AdrianP Different data mining techniques used including e.g. logic based approaches such as inductive logic programming (ILP)

max: can see applicability of semweb here

dbooth: interested in feedback

alanr: blocking factor is whether we can get some patient data
... but yes to this UC

data issue

joanne: yes to UC

ACTION: Vipul to get some relevent patient data [recorded in http://www.w3.org/2007/11/08-hcls-minutes.html#action01]

alanr: rachel analyzed criteria
... might be easiest to release if you could pick out the criteria reducing the amoutn you have to anonymized
... e.g. if it has no need of family history, we might be able to use deceased data

joanne: what's the inclusion criteria

rachel: we sampled five protocols

joanne: might want to make something up

eneumann: have synthetic data on a web page

<alanr> http://www.cse.buffalo.edu/~szhong/papers/kanony.pdf

eneumann: is there confidence in K-anonymization?
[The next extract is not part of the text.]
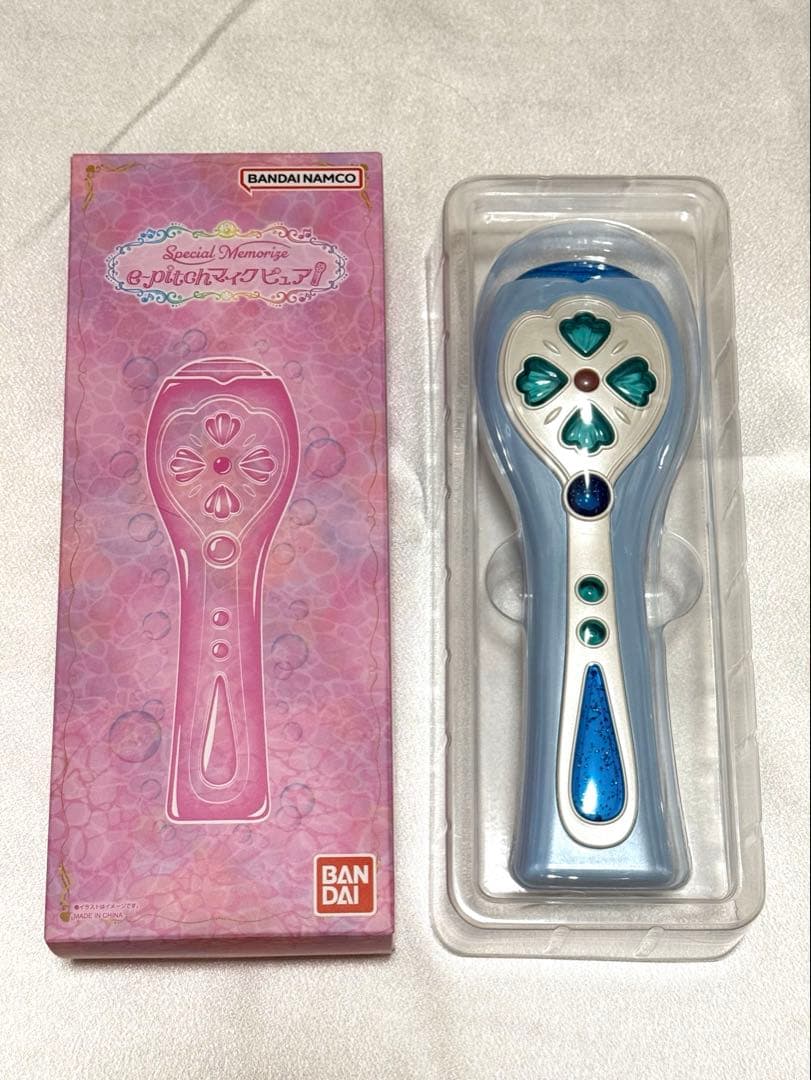 ぴちぴちピッチ e-pitchマイクピュア　プレミアムバンダイ　七海るちあ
ronen: doesn't work on small populations

<eneumann> see http://privacy.cs.cmu.edu/people/sweeney/kanonymity.html

vipul: how many do we need?

ericP: why do we need more than three?

vipul: need to cover all of the selection criteria

eneumann: recommend narrowing the first step
... see what surprises come up

resources

vipul: need to know time commitments
... george, your masters student

ACTION: george will try to get a masters student? [recorded in http://www.w3.org/2007/11/08-hcls-minutes.html#action03]

joey: not prepared to commit at this point

ronen: will try build up over next 5-6 months
... would hope to get 1

scott: if we get involved, would be on a mapping issue
... ... using associated text resources
... 1 student if we get involved

eneumann: does your group interact with T&O?

scott: yes
... lots of folks in AMS involved in ontology mapping but i don't command their resoruces
... can ask them if they would join us
... lots of resources, but it's a young technology

ronen: time frame?

eneumann: have this done, say, in a year?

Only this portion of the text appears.